[Caption-style text data]
--------------------

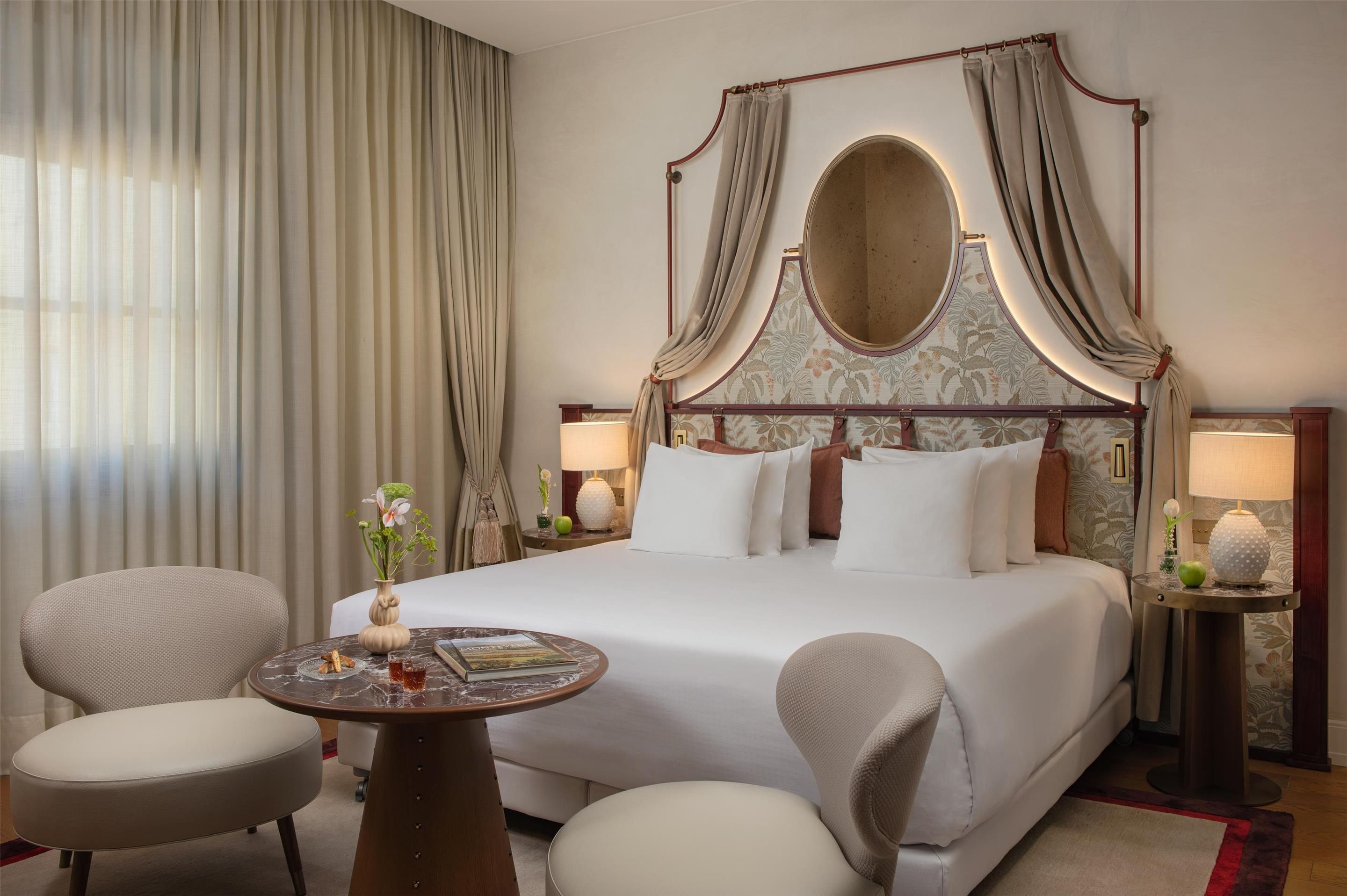 إن إتش كولكشن فيرينزا بورتا روسّا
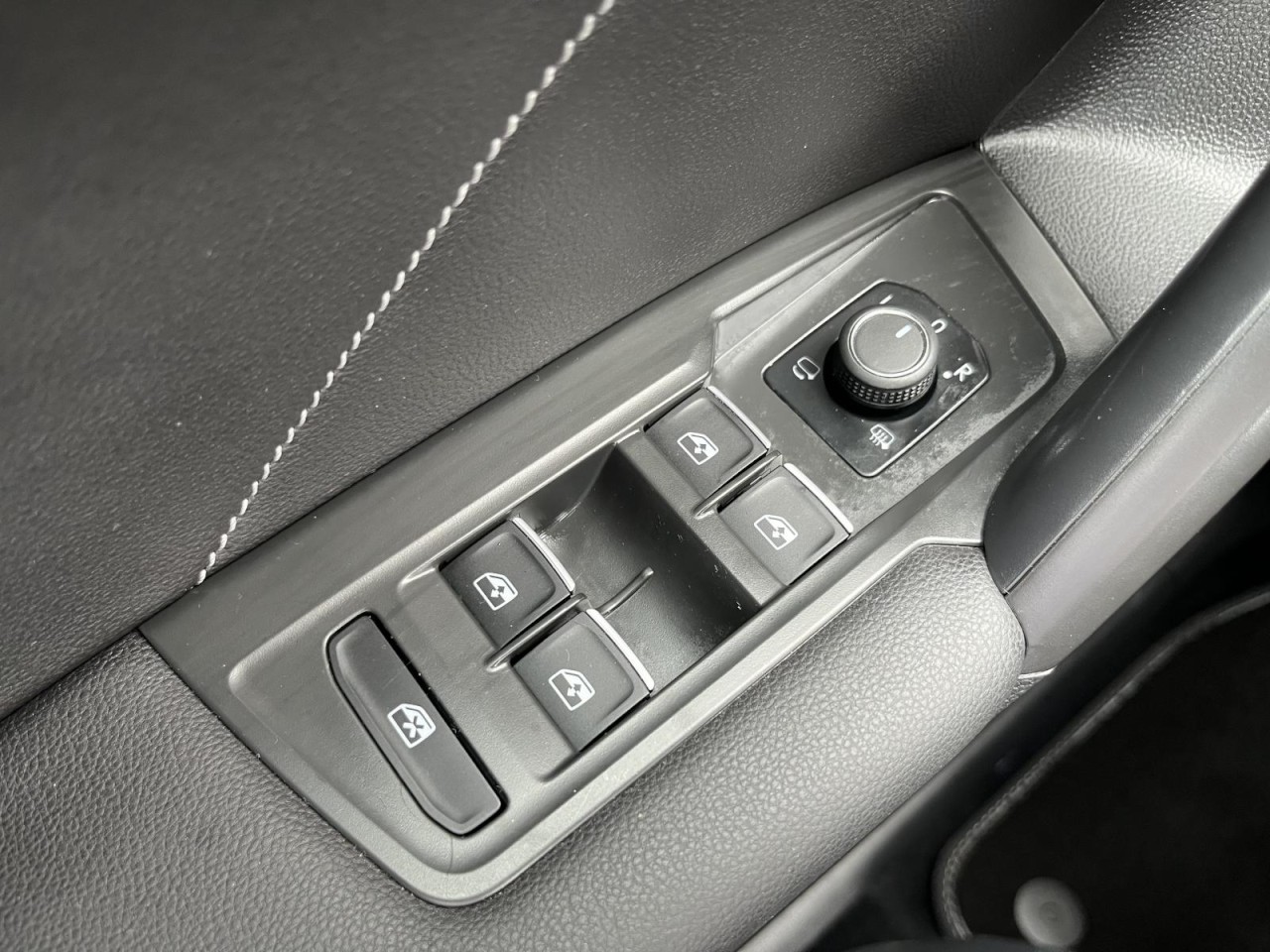 Tiguan Allspace 2,0 TSI DSG 4Motion R-Line (AHK+Navi)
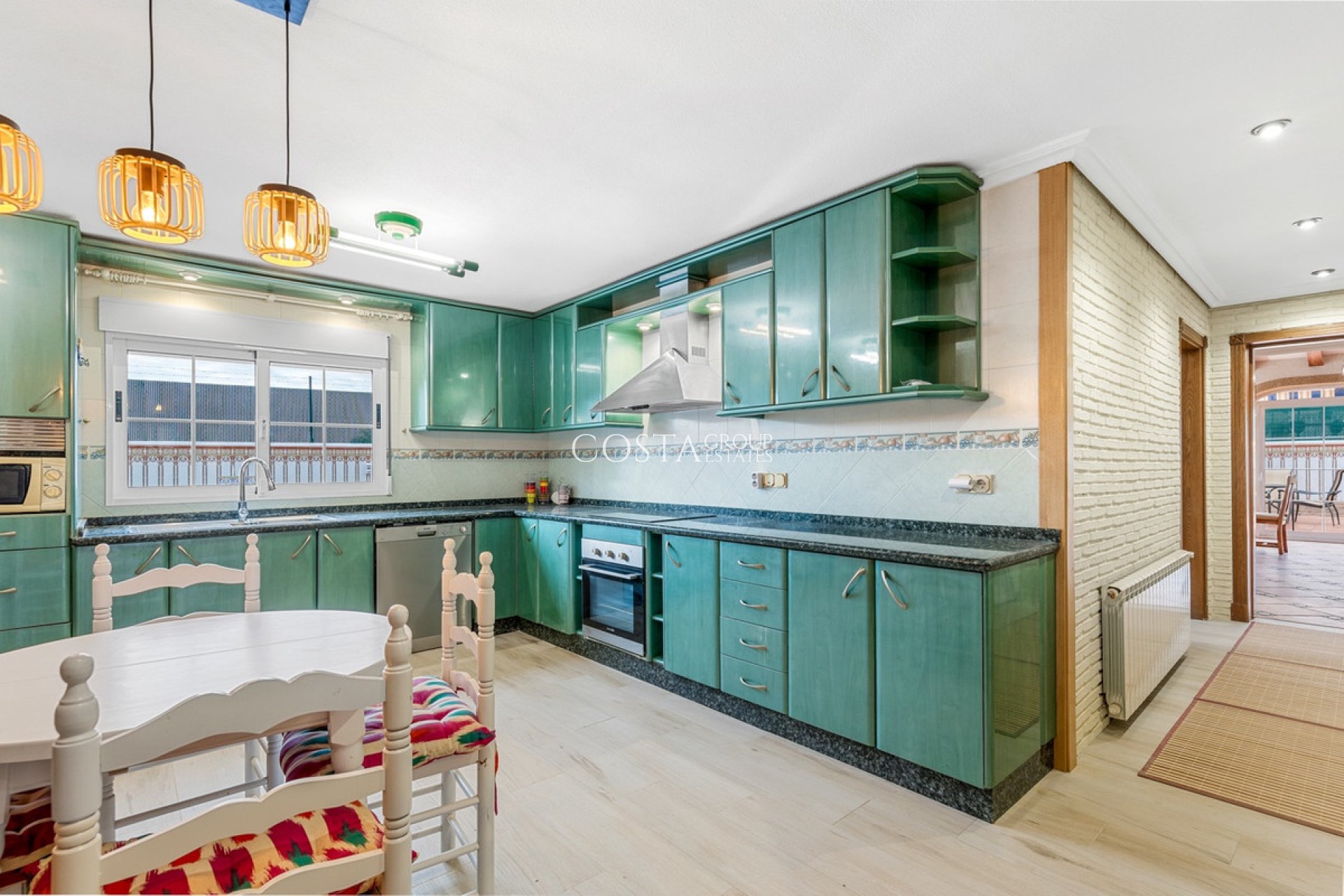 Revente - Maison -
Torrevieja - Torrevieja Centro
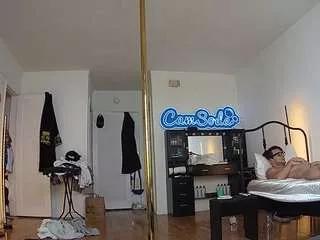 voyeurcam-celticiron-02 from CamSoda is Freechat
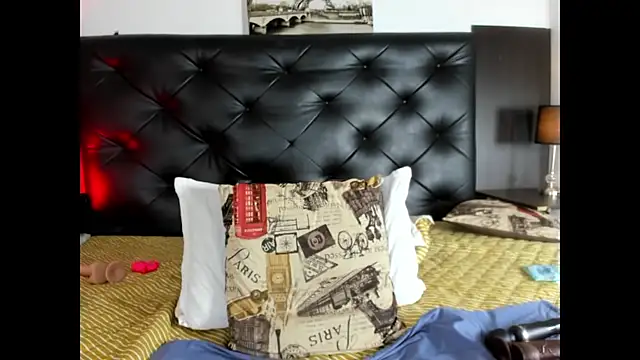 Kymy_marquez's cam snapshot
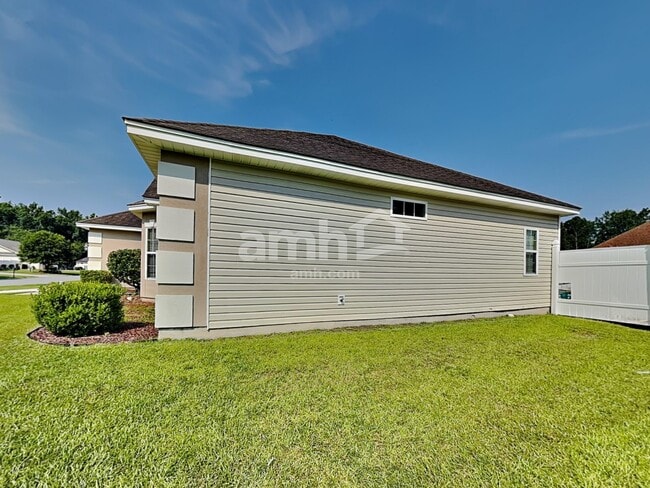 Building Photo - 521 Amsonia Cir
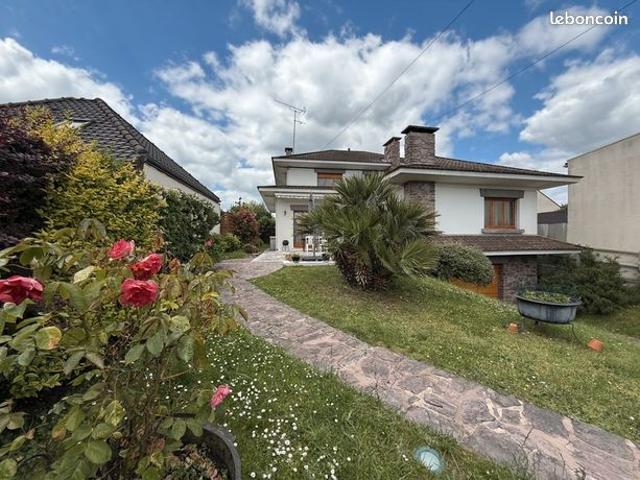 Maison 8 pièces 171 m²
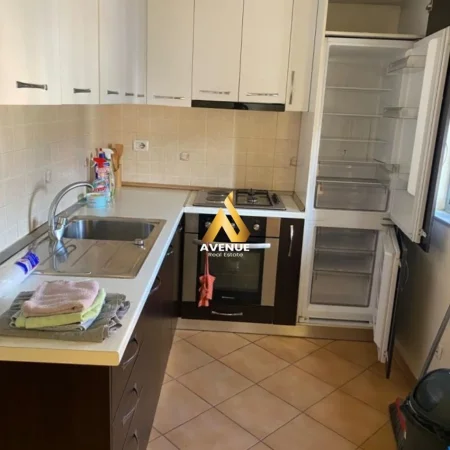 Tirane, jepet me qera apartament 2+1+Ballkon Kati 6, 85 m² 500 € (irfan tomini)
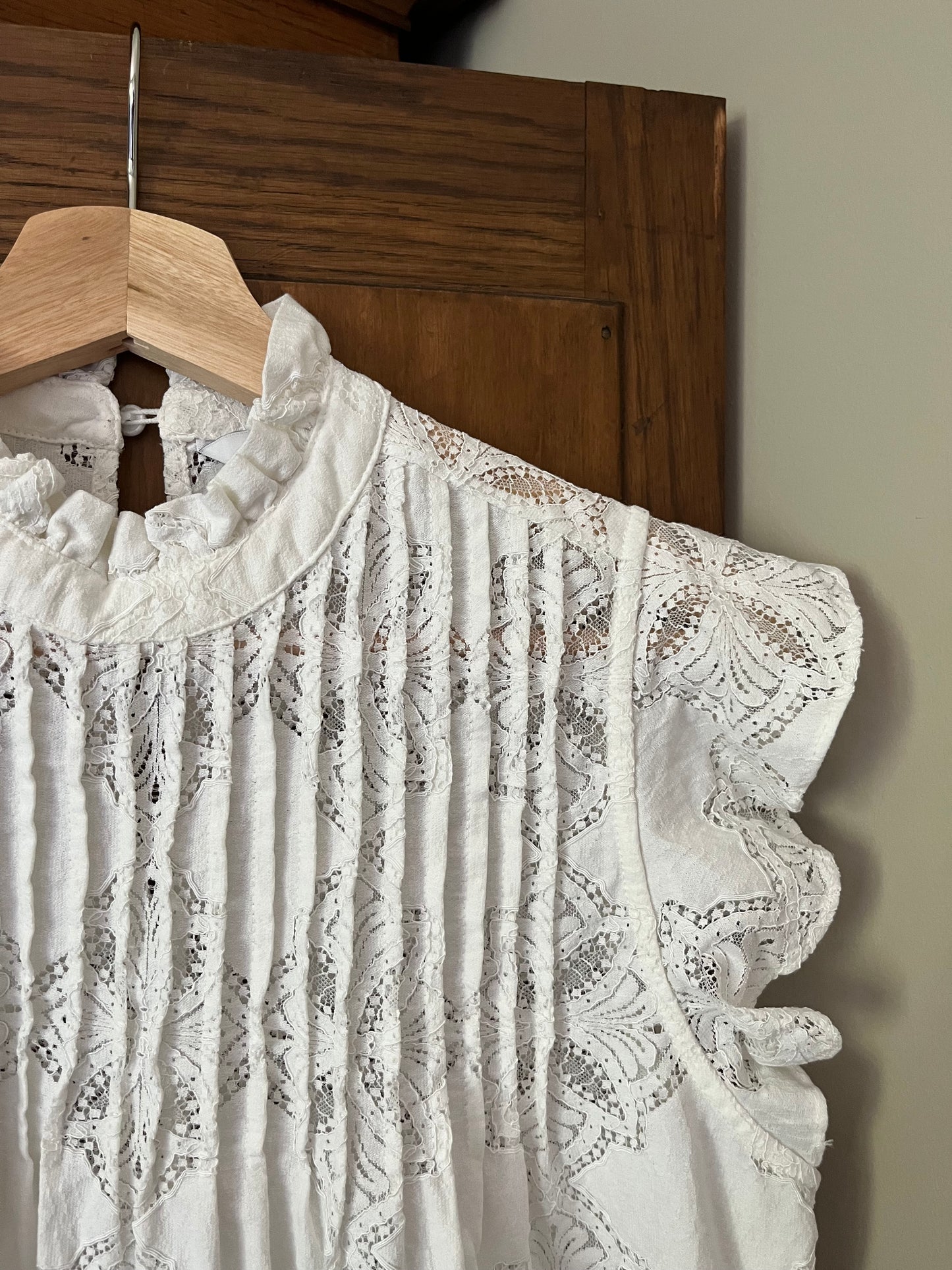 Haut en dentelle blanc (Small)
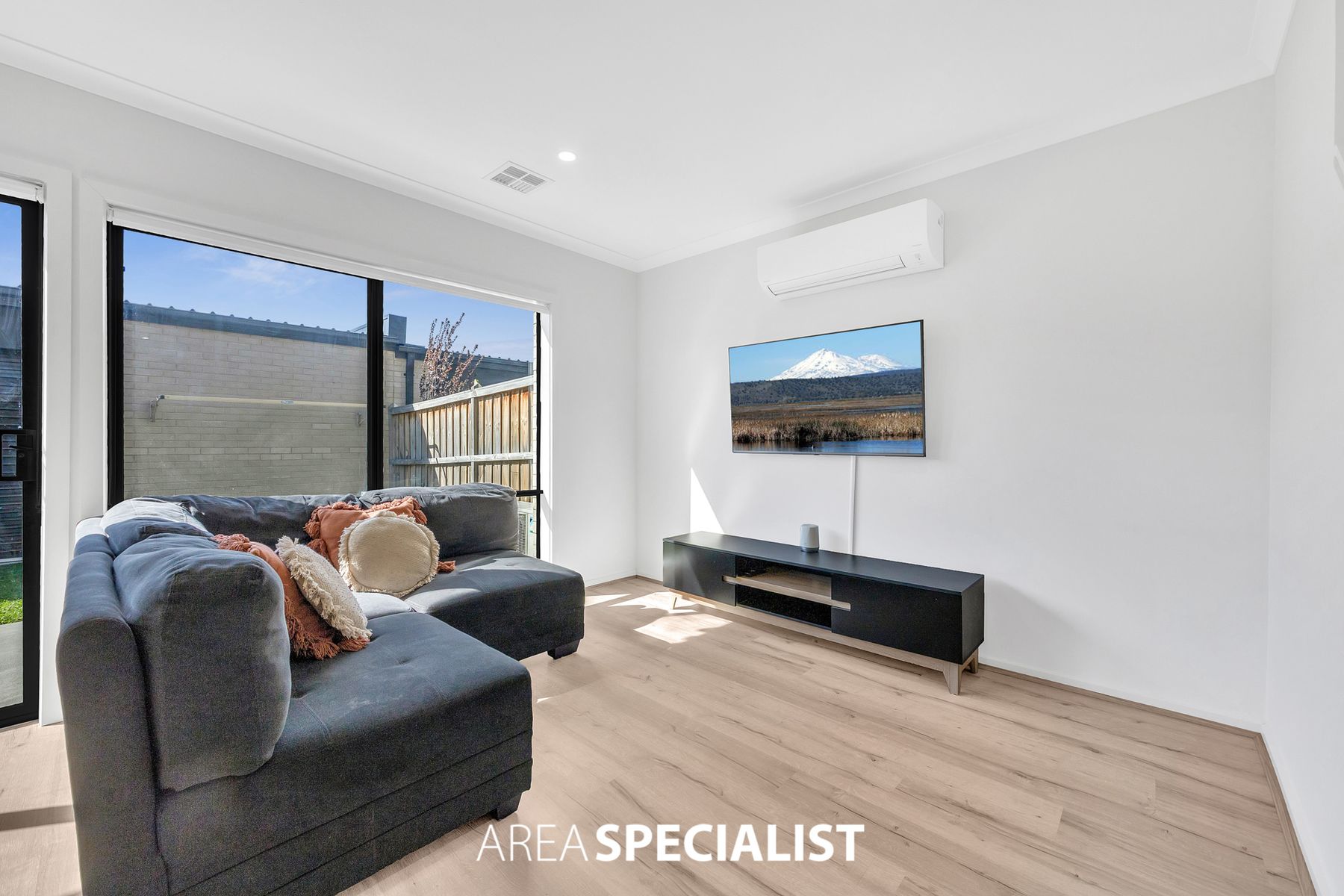 6 Gaolao Walk, Clyde North, VIC 3978, Clyde North - Thumbnail 6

--------------------

Return exactly the lines from the one with "Tiguan Allspace 2,0" through the last line of the entries above, both ends included. No pictures may appear in the copy.

 Tiguan Allspace 2,0 TSI DSG 4Motion R-Line (AHK+Navi)
 Revente - Maison -
Torrevieja - Torrevieja Centro
 voyeurcam-celticiron-02 from CamSoda is Freechat
 Kymy_marquez's cam snapshot
 Building Photo - 521 Amsonia Cir
 Maison 8 pièces 171 m²
 Tirane, jepet me qera apartament 2+1+Ballkon Kati 6, 85 m² 500 € (irfan tomini)
 Haut en dentelle blanc (Small)
 6 Gaolao Walk, Clyde North, VIC 3978, Clyde North - Thumbnail 6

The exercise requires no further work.